Per i viaggi intellettuali e artistici lo spazio lo trova...
«Beh noi siamo sempre stati legati alla musica. Quindi in questo senso viaggi tanto. Mi piace l’opera lirica, perché è una delle identità dell’italianità. L’Italia non è un Paese fondato sul lavoro ma sul melodramma; la Germania sulla tragedia e la Gran Bretagna sull’arrivo dall’estero di forze musicali. Senza Haendel non ci sarebbero stati i Beatles. La Francia, infine, ama la musica pomposa».
Con l’opera ha mai avuto «incontri ravvicinati» di qualche tipo?
«Nel 2008 sono stato chiamato dal regista Pier Luigi Pizzi a interpretare il narratore Njegus nell’operetta La vedova allegra di Franz Lehár, in scena al Teatro alla Scala. È stata un’emozione formidabile perché sono rimasto in scena per tutta la durata dello spettacolo».
Che rapporti ha con il Teatro alla Scala?
«Attualmente sono nel consiglio di amministrazione. In verità i miei ruoli gestionali si sono svolti tutti qui, a Milano: prima a Palazzo Marino, poi mi sono occupato del Duomo e del suo museo, e ora il Piermarini, tutti luoghi che raggiungo a piedi».

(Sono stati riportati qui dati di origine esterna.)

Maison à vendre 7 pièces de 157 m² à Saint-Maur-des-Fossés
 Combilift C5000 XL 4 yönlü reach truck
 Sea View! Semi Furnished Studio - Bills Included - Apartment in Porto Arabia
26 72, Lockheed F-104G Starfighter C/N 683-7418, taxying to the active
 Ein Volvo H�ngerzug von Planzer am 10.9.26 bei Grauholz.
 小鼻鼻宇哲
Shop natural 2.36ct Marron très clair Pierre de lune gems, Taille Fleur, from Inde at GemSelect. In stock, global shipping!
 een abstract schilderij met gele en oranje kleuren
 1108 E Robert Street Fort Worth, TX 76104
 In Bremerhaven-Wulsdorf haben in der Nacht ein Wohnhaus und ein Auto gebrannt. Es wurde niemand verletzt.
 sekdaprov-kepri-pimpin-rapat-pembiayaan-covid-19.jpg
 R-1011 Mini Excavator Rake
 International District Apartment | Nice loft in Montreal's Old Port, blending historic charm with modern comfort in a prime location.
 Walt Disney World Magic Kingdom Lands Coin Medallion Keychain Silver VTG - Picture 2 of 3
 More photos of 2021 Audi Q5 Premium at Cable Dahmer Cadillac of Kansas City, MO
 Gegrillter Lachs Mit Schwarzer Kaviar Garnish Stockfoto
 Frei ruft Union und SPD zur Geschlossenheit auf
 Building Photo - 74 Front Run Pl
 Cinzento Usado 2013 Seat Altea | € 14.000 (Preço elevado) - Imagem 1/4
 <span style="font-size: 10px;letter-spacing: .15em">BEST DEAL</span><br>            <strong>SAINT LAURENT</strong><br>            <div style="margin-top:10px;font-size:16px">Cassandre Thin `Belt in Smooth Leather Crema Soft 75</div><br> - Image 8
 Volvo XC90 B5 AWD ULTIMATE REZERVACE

Con tutte queste esperienze che cosa ha capito dell’Italia?
«A proposito ho scritto un libro. L’Italia è un Paese diverso da tutti gli altri Paesi europei, con parametri aggregativi differenti. Tutta l’Europa è monarchica, noi siamo comunali, una sommatoria di comuni. L’Italia è unita con la forchetta e con il bicchiere».
Gioco della torre: un quadro, un brano, un libro, un film che non butterebbe giù, che salverebbe...
«Per l’arte La colazione sull’erba di Monet perché riassume il passato e anticipa il futuro. Per la musica L’arte della fuga di Bach, è una costruzione colossale. Riguardo ai libri la Crocifissione rosea di Henry Miller, c’è tutta la complessità del nostro mondo moderno. Infine il film, penso a Senso di Luchino Visconti, è il più bel riassunto epico del nostro Paese».
Ultima domanda su Dio.
«Sono religioso ma non baciapile. Il rapporto col piano di sopra è fondamentale e faccio di tutto per mantenere un dialogo costante».